Back when I was hosting "Unscripted," we did five minutes with Joe Horn on the set in New Orleans. Five minutes that -- for us, anyway -- was the comedic equivalent of Martin Short, Robin Williams and Calvin Trillin on the old "The Tonight Show," or Fred Willard on anything. Rest assured it had nothing to do with me. I just lobbed in the questions, and Joe responded with the Mantle & Maris of sports-talk-show answers: "Joe Horn did not sleep with Willie Roaf's wife." And, "Joe Horn is not the father of Willie Roaf's baby."
By that point, ESPN really should have given him the rest of the show to host. (Though I'd have missed getting to ask Rebecca Romijn-Stamos for her Super Bowl pick. She explained that she knew absolutely nothing about sports. I pointed out she'd been on the cover of Sports Illustrated. Her response: "I was wearing a bikini!" She did predict that U2 would give a great halftime show, which turned out to be 100-percent correct.)

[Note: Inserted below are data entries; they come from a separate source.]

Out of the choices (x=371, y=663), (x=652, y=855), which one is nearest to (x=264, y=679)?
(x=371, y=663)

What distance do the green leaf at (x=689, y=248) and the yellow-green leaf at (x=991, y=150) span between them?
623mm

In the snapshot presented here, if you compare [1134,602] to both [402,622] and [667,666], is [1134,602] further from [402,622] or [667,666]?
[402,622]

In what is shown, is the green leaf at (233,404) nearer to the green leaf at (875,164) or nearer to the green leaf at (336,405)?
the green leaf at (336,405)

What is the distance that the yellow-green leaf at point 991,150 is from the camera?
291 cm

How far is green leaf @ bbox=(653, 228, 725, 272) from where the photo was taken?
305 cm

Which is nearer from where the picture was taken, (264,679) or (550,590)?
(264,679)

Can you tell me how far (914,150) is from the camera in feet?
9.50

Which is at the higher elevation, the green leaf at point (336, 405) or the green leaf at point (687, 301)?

As you can imagine, I've had nothing but love for Joe Horn ever since. So it's delightful to see Joe's hilarious cell-phone stunt putting the perfect punctuation mark on Sports 2003, a year riddled with malfeasance, nearly all of it taking place or coming to light thanks to some kind of cutting-edge technology. Think this was the year of coaches, athletes and administrators behaving badly? Nope. This was the year we saw it, or heard about it, or gossiped about it online, in ways that might not have been possible 10 or 15 years ago. In 2003, sports really did Go To Tech in a hand-basket.
I'm going to go out on a limb here and surmise that Larry Eustachy and Mike Price are not the first coaches in collegiate history to do the things these two did. Eustachy, as far as I know, never groped a coed or got a beer for an underage kid, but he lost his job because those embarrassing (if PG-rated) photographs seemed to head for a desktop computer near you at twice the cyberspeed of the Paris Hilton tape. I think he got a raw deal, personally, but I knew his playbook was 15 years out of date when, in an effort to keep his job, he declared himself to be an alcoholic. So late-'80s.
In Price's case, the technology that did him in was the website -- drive-time sports radio in easy-to-use form no matter where you live. So that the story which began with the same we-can't-say-what-it-is mystery as this year's Royal Family brouhaha eventually became public in all of its humiliating glory.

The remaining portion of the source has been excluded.